If a piece of content fits under any of the above categories, Twitter “may” label it. Twitter will not label or remove media that have been edited in ways that do not fundamentally alter their meaning, such as retouched photos or colour-corrected videos. It will determine if a media has been significantly manipulated by using its own technology, or through partnerships with third-parties. If it fails to “reliably determine”  if media have been altered or fabricated, it “may” not label or remove them.

  • While Twitter hasn’t name-checked videos/audio edited using AI/ML — deepfakes —, it said that “synthetic and manipulated media take many different forms and people can employ a wide range of technologies to produce these media”.
  • It isn’t clear what would happen if a piece of content gets mislabeled. Is there any recourse for such cases? We have reached out to Twitter for more information.

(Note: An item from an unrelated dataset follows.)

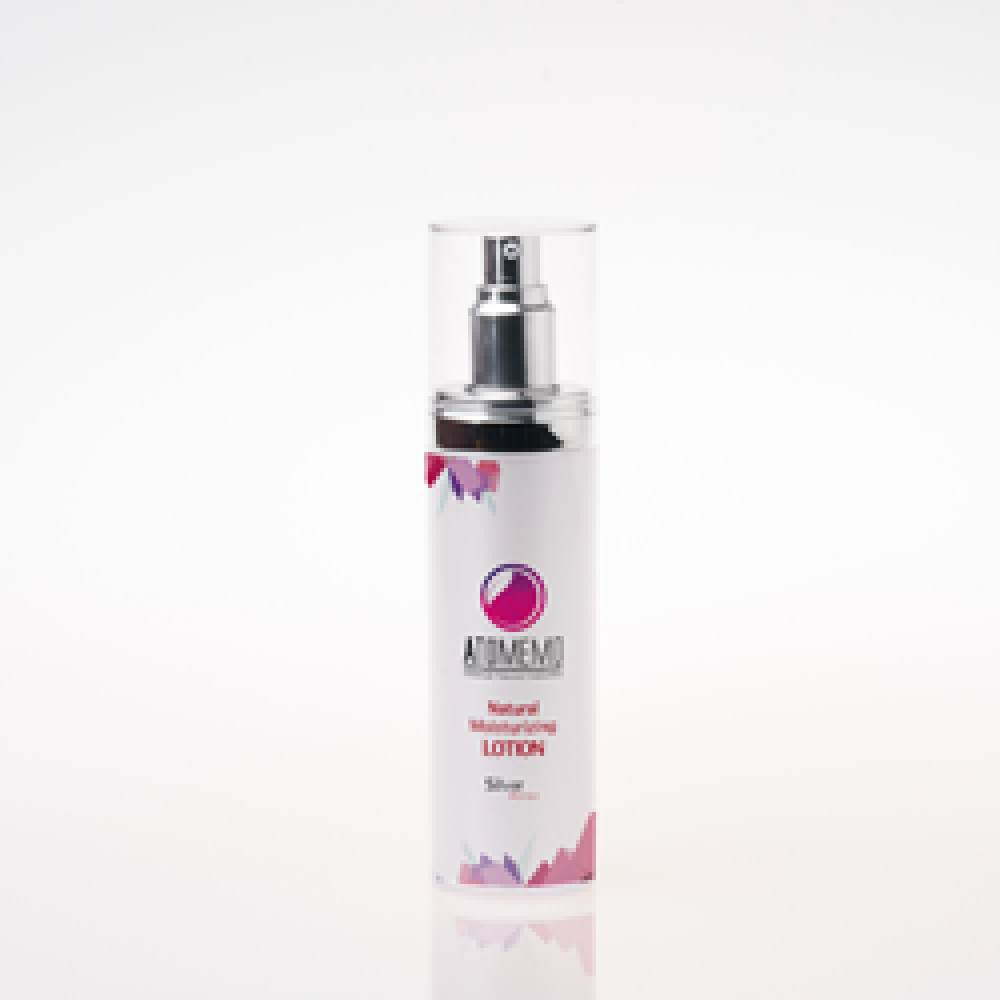 ATOMEMO Silver Premier lotion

Determining the context of manipulated media: Twitter said that it will determine the context in which media are shared and if that could lead to “confusion or misunderstanding” or have a “deliberate intent” to deceive people. Other factors it will use to asses context are:

  • The text of the tweet accompanying or within the media
  • Metadata associated with the media
  • Information on the profile of the person sharing the media
  • Websites linked in the profile of the person sharing the media, or in the tweet sharing the media

Crackdown on manipulated media if they pose ‘serious harm’: Twitter will crack down harder on manipulated media if it’s presented as truth or “likely to impact public safety or cause serious harm.” Specific harms include:

  • Threats to the physical safety of a person or group
  • Risk of mass violence or widespread civil unrest
  • Threats to the privacy or ability of a person or group to freely express themselves or participate in civic events, such as:
    • Stalking or unwanted and obsessive attention
    • Targeted content that includes tropes, epithets, or material that aims to silence someone
    • Voter suppression or intimidation

Twitter clarified that it would “err toward removal in borderline cases that might otherwise not violate existing rules for Tweets that include synthetic or manipulated media”. It also said that it is “more likely” to remove content under this policy if it finds that “immediate harms” are likely to result from the content’s presence on Twitter. We have reached out to them to understand the time frame for assessing “immediate harms”.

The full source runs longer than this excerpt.